[What the task asks]
Everything from the line with "Bild: v.li.n.re. B&uuml;rgermeister" to the last line of the listing must be retyped exactly, both ends included, with the pictures dropped.

****

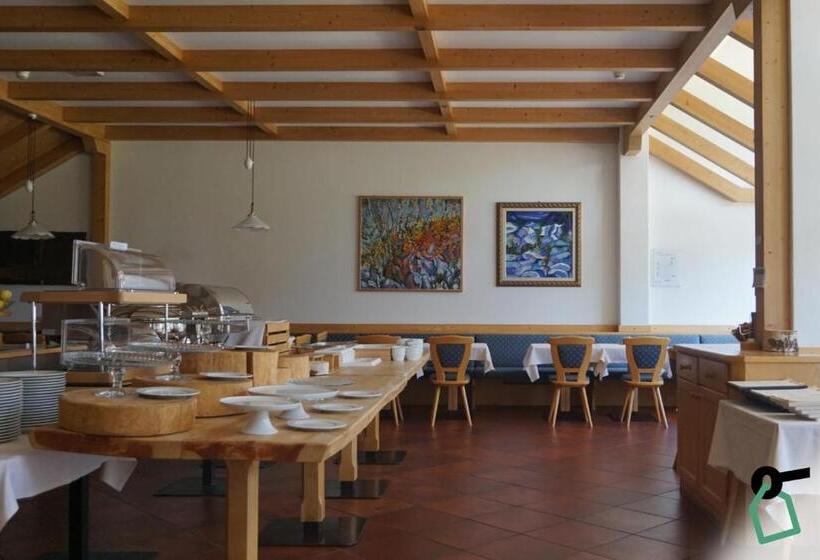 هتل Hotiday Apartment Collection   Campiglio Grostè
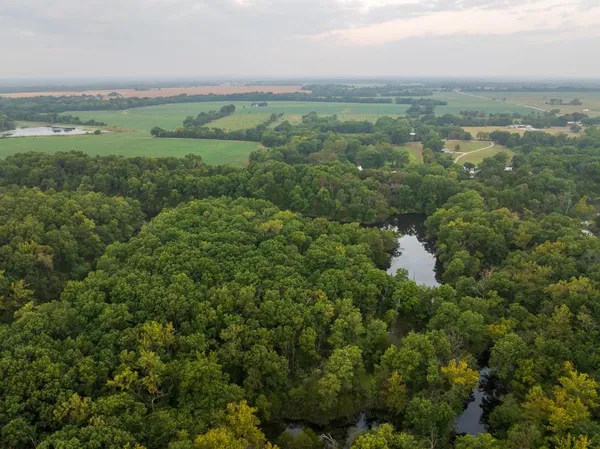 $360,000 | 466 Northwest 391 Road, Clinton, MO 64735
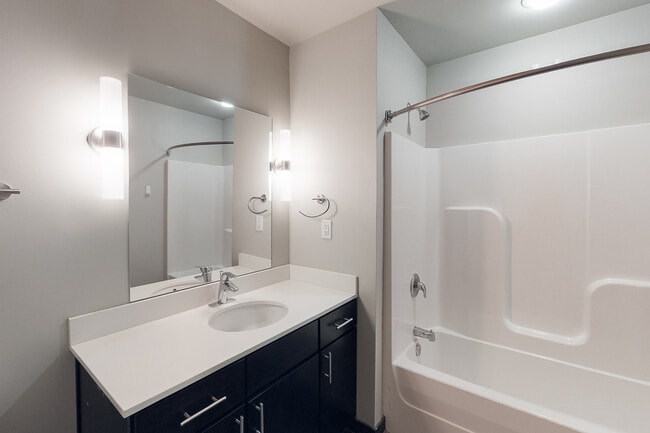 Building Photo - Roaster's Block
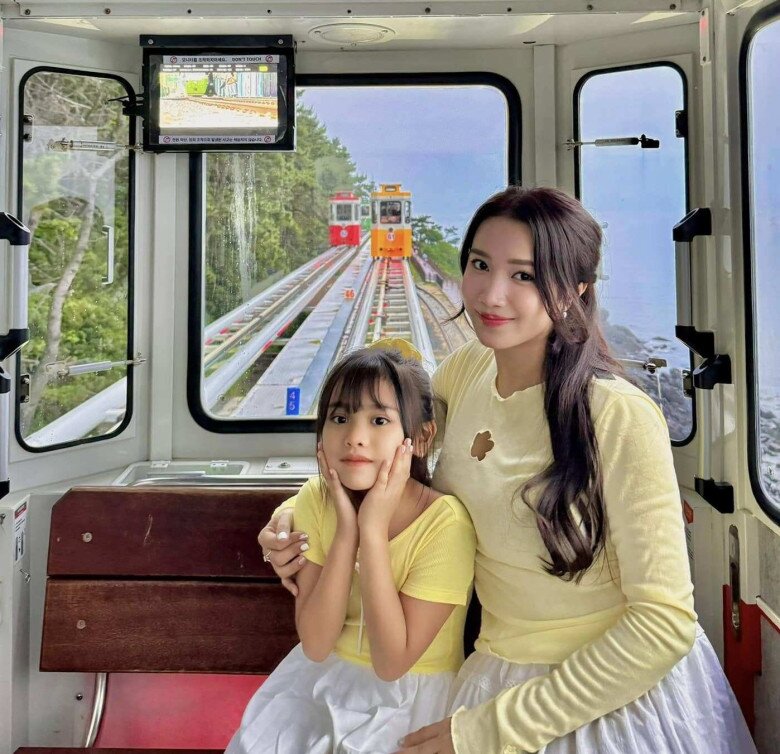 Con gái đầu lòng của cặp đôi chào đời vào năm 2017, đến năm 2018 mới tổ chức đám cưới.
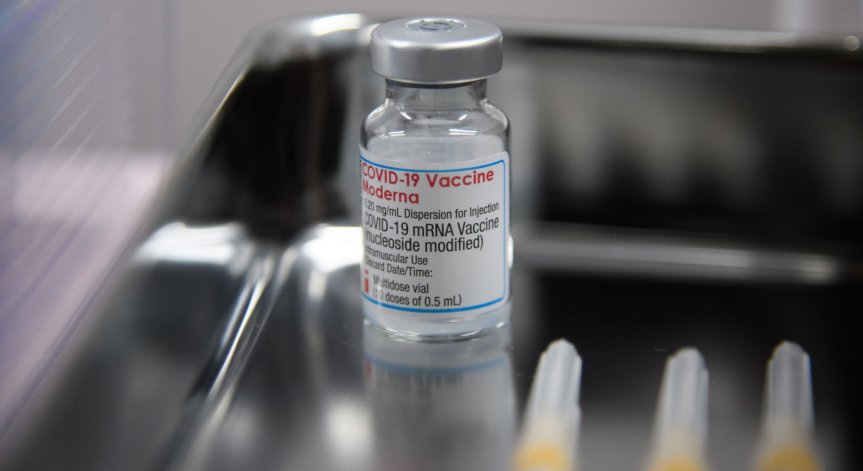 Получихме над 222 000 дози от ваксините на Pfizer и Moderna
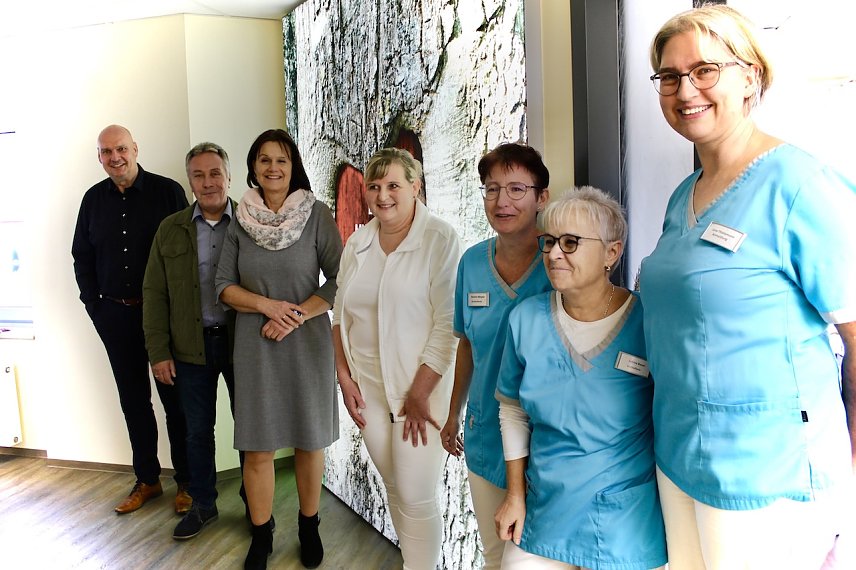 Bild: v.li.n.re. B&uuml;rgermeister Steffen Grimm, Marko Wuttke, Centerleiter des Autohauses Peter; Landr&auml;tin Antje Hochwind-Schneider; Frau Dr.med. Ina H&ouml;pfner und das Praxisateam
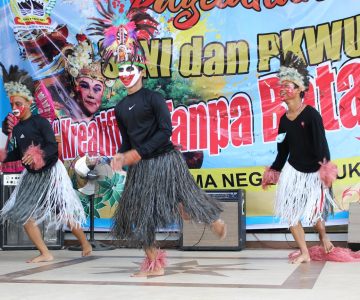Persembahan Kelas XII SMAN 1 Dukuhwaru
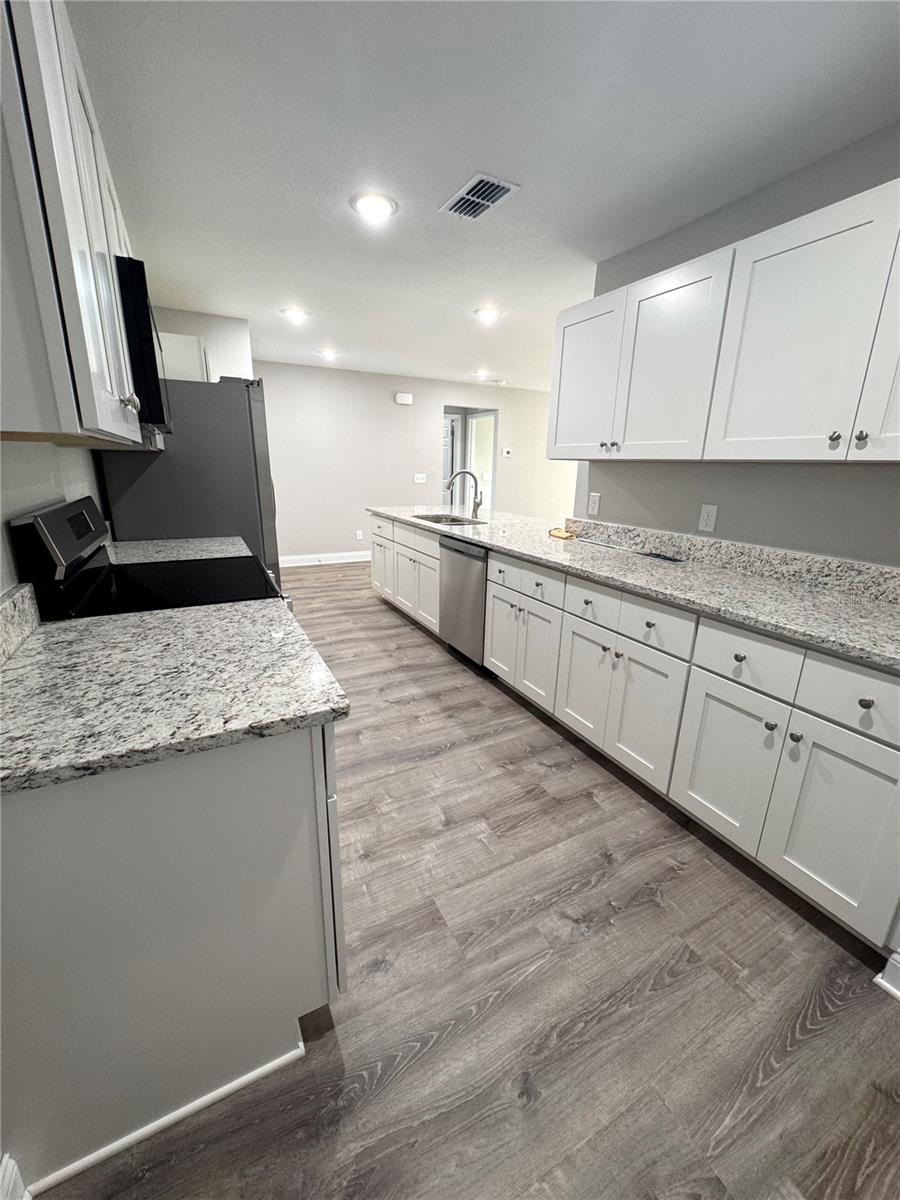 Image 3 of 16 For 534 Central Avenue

****

[Answer space]
 Bild: v.li.n.re. B&uuml;rgermeister Steffen Grimm, Marko Wuttke, Centerleiter des Autohauses Peter; Landr&auml;tin Antje Hochwind-Schneider; Frau Dr.med. Ina H&ouml;pfner und das Praxisateam
Persembahan Kelas XII SMAN 1 Dukuhwaru
 Image 3 of 16 For 534 Central Avenue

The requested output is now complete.